Loewy Group pulled off the coup of the year, buying Williams Murray Hamm in a deal that sees £7m shared between Richard Williams, Richard Murray and Garrick Hamm. The deal followed hard on the heels of Loewy’s purchase of branding and communications consultancy Bite for £2m.

At the start of the year, Simon Bolton, former head of ad agency JWT in the UK, was parachuted in to take the helm of WPP stablemate Enterprise IG, while founder Dave Allen left after ‘much soul searching’ to join WPP’s Team Vodafone.

Two key figures quit the Design Council to set up on their own and weren’t replaced: Richard Eisermann left his post of design and innovation director, while Hilary Cottam, controversial winner of Designer of the Year in 2005, upped sticks and was joined by most of the Red team, which specialised in ‘transformational’ design.

Simon Waterfall, creative director of Poke, is set to become the next ‘design’ president of D&AD in 2007. In June, Stuart MacDonald quit The Lighthouse, Scotland’s national design centre, and was replaced by publisher Nick Barley.

There were big moves on the London consultancy scene: Domenic Lippa and Harry Pearce (founders of Lippa Pearce) became partners at Pentagram, Harriet Devoy left The Chase to walk the hallowed halls of Apple Computer as the first creative director for graphics for Apple Europe, and David Worthington was ousted as managing director of Conran Design Group as it was merged with its Havas-owned stablemate CGI Brandsense.

In an unusual move, Nike promoted erstwhile product designer Mark Parker to chief executive. But 2006 was also the year when the design industry said goodbye to two legends, Vico Magistretti and Alan Fletcher.


Design Museum

It’s been another incendiary year for the Design Museum.

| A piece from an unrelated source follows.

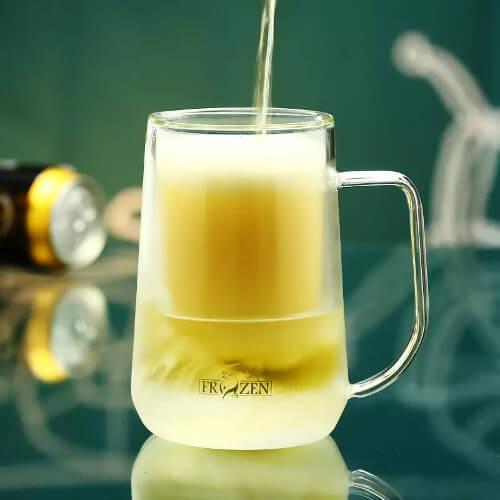Frosted Beer Glass Printing Singapore Supplier Visual Picture 2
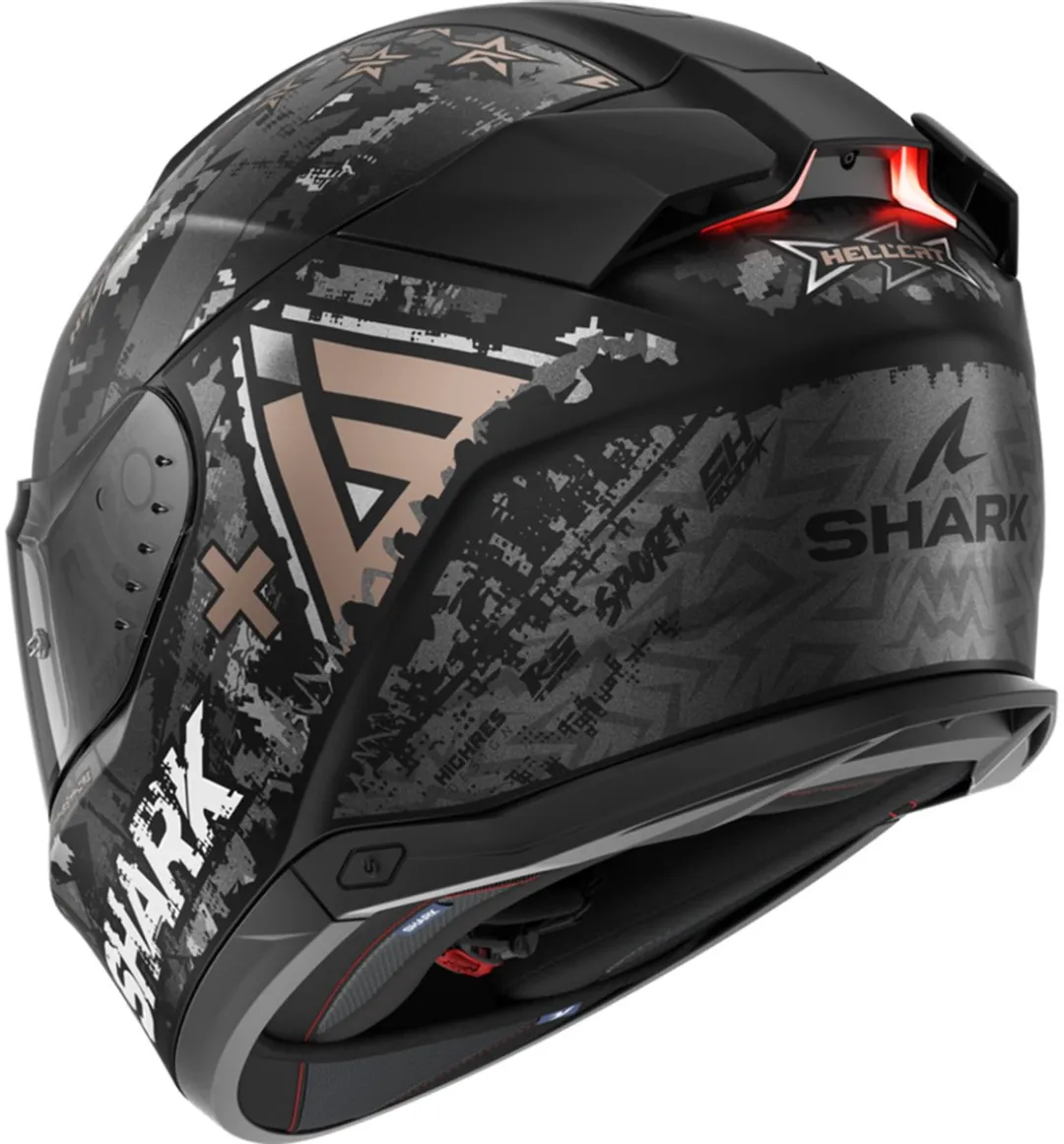 Shark SKWAL i3 HELLCAT Mat Black Chrom Anthracite - Integraal Helm XL - Zwart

After the ignominious release of Alice Rawsthorn from her duties as director, the museum set off another firework display by announcing it would not be part of any plans for a national design centre. The museum vindicated itself though, with the subsequent appointment of Deyan Sudjic and a scheme to join the Tate Modern development with an ambitious new-build site. Both moves earned design’s favourite British venue great critical plaudits.

Jamie Hewlett won Designer of the Year, provoking a major rethink of the competition, which now looks like it will be confined to the cupboard of ideas past. And while there is still no news about an imminent return of James Dyson as chairman, the Alan Fletcher retrospective showed just what a valuable contribution the museum makes when it focuses on what it does best. ‹

Festival sagas


The London Design Festival had its fair share of critics, but this year the organising team sailed pretty close to the wind, though it seemed to have survived. Concern over its finances lead to an audit into its commercial viability by the LDF’s key funder, the London Development Agency, which is still being resolved. When Government bodies start audits, you need to start worrying because the outcomes can be plain to see well in advance. In this instance, a rumoured festival revolution seemed to have been stopped in its tracks, though new events will certainly abound come next September.

Former 100% Design stalwarts Ian Rudge and Jimmy MacDonald’s plans for the Truman Brewery in 2007 will be closely scrutinised, not least because they’ve already booked the whole space. How they tie up with other events, such as New Designers, will be of interest, not to mention how they will sit alongside 100% and the LDF itself. Their ambitious start-up venture throws up questions about how London’s design week will eventually be carved up. Is there actually room for all of these emerging shows?



Mobile phones

Apple Computer continued to leave the industry second-guessing about the launch of its own mobile phone, registering a trademark Mobile Me with the UK Patent Office in January and remaining secretive ever since.

Samsung undertook a global review of its product design strategy in a bid to bring new blood to the fore, while Nokia anointed Manchester-born Alastair Curtis as its new global head of design. He replaced American Frank Nuovo, who stepped down after more than a decade in the role.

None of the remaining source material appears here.